Es más, hubo cuatro o cinco casos en que estas corporaciones mediáticas criticaron agriamente a Santiago Peña por algunas de sus decisiones, pero, apenas el jefe de Estado revió su posición, fundada en la racionalidad de los argumentos, publicaron a grandes titulares: Otra “reculada” del presidente. La pregunta deviene pertinente: ¿Cuál era la real intención de estas cadenas perio­dísticas? ¿Lograr modificar lo que ellas conside­raban que no era correcto o simplemente criticar al mandatario por cualquier cosa? La ciudada­nía ya percibió con claridad que este último es el principal objetivo de quienes fueron silenciosos cómplices de la corrupción de Abdo Benítez. Que nada de lo que haga Peña calzará con sus propó­sitos. Es lo que la definición más sencilla resume como mala fe. Traducido en términos coloquiales: la intención consciente de engañar.

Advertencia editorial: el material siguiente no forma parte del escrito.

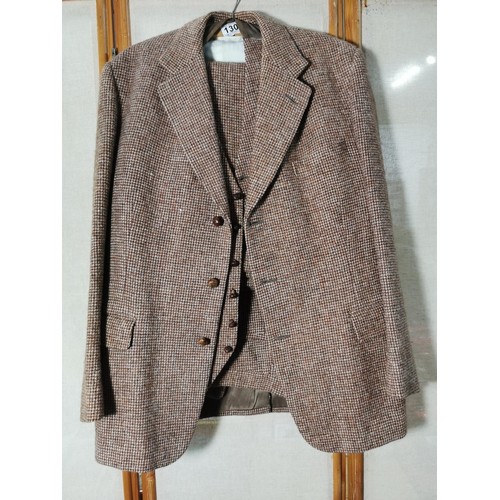 130 - A good quality gents 3 piece tweed suit in good order consisting of blazer, waistcoat and trousers a... 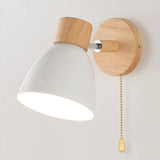Moderne wandlamp met houten basis en metalen kap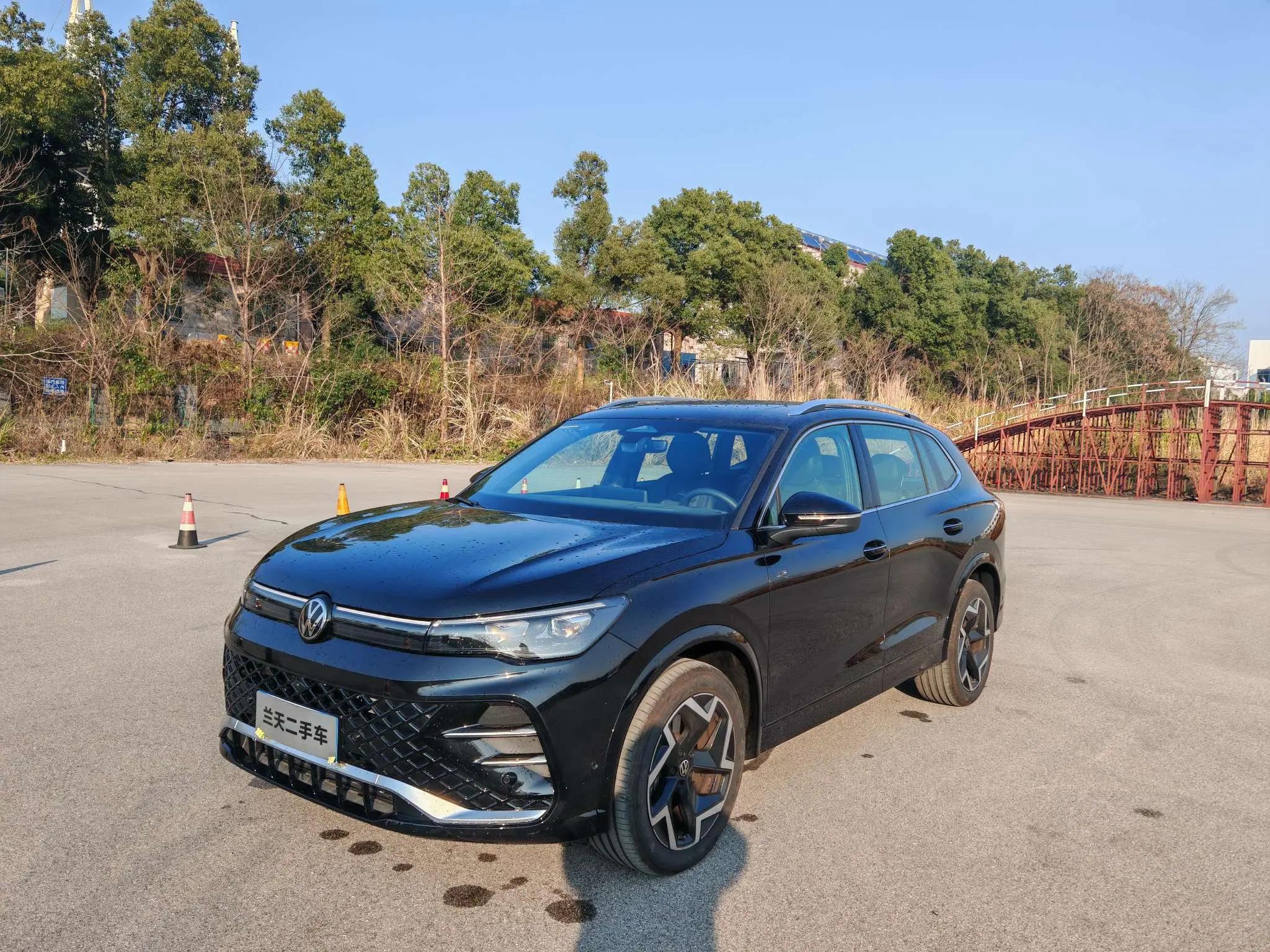 Volkswagen Tiguan L 2025 г. 1600 км.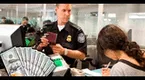 ¡ALERTA! Trump está DETENIENDO a extranjeros que viajan al país con ESTA CANTIDAD de dinero en 2025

Las publicaciones de estos medios de comunica­ción nada tienen que ver con la verdad. Ni con la contundente realidad. Nunca tuvieron en cuenta ni la verdad lógica, ni la verdad semántica, ni la ver­dad filosófica. Así que lo que puedan exponer en los próximos días carecerán de cualquier sustento de credibilidad. Ya lo dijimos anteriormente y nos rea­firmamos ahora: el pueblo aprendió a decodificar los mensajes. Es por ahí donde deberían empezar a buscar las razones de sus sucesivas y abultadas derrotas electorales y fracasadas campañas perio­dísticas. Ojalá y mañana puedan empezar a recular de sus obsesivas y compulsivas imposturas.